* _Task_:
List each line of the data in which the string "Nissan" appears.

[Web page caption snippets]
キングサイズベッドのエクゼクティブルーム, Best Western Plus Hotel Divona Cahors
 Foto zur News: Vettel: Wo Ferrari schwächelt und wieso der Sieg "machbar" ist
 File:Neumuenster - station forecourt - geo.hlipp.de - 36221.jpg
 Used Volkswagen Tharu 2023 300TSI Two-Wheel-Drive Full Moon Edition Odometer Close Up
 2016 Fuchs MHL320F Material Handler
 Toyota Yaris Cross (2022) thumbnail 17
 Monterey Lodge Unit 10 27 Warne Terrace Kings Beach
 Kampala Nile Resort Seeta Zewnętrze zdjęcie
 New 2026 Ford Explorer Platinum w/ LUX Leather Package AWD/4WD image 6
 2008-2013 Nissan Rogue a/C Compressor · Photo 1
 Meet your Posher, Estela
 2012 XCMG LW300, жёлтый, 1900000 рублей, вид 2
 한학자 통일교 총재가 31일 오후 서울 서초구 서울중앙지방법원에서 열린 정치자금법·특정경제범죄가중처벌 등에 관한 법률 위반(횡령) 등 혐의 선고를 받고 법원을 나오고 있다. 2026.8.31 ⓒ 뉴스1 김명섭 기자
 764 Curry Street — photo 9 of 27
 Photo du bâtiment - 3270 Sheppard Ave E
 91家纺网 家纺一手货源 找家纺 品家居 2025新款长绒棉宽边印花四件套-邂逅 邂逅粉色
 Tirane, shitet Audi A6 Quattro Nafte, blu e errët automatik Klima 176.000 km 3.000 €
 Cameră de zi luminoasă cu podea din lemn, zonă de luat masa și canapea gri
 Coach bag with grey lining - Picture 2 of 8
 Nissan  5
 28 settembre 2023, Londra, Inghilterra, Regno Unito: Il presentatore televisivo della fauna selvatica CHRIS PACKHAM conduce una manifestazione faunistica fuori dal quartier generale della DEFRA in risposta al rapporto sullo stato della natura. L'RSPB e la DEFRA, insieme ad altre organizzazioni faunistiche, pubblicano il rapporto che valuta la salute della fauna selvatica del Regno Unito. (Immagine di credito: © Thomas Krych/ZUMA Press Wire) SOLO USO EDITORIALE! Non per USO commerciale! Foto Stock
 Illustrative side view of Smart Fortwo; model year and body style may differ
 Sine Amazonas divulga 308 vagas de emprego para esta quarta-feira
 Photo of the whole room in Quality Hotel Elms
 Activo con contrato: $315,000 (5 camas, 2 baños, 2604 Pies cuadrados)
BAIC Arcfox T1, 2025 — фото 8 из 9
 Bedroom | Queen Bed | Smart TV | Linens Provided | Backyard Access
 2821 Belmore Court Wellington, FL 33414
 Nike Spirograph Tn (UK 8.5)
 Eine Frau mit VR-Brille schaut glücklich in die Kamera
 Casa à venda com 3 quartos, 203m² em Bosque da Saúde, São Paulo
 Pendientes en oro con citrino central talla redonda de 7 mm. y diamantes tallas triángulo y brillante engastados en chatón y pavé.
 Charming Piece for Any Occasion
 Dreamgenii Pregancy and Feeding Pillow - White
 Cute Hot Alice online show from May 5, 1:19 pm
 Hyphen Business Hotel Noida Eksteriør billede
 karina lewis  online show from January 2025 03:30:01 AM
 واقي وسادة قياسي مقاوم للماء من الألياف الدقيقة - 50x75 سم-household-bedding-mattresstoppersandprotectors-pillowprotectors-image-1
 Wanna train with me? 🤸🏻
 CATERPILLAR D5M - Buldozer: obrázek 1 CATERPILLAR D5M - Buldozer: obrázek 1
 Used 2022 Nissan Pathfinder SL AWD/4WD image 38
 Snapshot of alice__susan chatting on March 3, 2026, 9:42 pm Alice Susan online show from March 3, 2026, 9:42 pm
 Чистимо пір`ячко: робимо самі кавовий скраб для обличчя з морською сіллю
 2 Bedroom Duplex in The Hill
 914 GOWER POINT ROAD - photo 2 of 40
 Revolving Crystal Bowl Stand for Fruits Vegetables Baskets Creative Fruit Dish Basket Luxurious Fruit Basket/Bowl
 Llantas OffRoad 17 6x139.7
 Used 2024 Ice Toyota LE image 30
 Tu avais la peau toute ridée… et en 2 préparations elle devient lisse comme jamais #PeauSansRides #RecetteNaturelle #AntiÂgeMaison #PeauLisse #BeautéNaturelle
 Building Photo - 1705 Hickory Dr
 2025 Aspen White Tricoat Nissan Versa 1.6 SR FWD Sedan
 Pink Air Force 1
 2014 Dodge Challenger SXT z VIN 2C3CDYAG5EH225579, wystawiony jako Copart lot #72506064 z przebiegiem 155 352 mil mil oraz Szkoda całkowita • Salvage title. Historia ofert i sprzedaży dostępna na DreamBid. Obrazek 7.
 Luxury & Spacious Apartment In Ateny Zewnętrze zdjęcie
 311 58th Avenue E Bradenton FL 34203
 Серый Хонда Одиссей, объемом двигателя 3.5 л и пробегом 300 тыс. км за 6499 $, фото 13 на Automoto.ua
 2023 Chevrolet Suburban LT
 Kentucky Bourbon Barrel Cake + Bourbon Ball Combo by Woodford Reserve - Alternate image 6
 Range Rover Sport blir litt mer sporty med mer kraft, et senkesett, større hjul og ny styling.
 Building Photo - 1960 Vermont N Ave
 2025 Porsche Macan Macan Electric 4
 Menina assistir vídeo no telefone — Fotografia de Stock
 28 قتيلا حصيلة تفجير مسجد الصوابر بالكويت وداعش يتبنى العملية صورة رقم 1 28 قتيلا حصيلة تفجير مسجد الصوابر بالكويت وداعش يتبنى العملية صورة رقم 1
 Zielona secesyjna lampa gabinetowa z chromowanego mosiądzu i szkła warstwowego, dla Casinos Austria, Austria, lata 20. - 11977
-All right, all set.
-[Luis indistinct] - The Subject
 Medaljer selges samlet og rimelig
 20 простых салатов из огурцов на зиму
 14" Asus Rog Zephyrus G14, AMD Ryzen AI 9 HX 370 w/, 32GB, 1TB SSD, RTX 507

* _Output_:
 2008-2013 Nissan Rogue a/C Compressor · Photo 1
 Nissan  5
 Used 2022 Nissan Pathfinder SL AWD/4WD image 38
 2025 Aspen White Tricoat Nissan Versa 1.6 SR FWD Sedan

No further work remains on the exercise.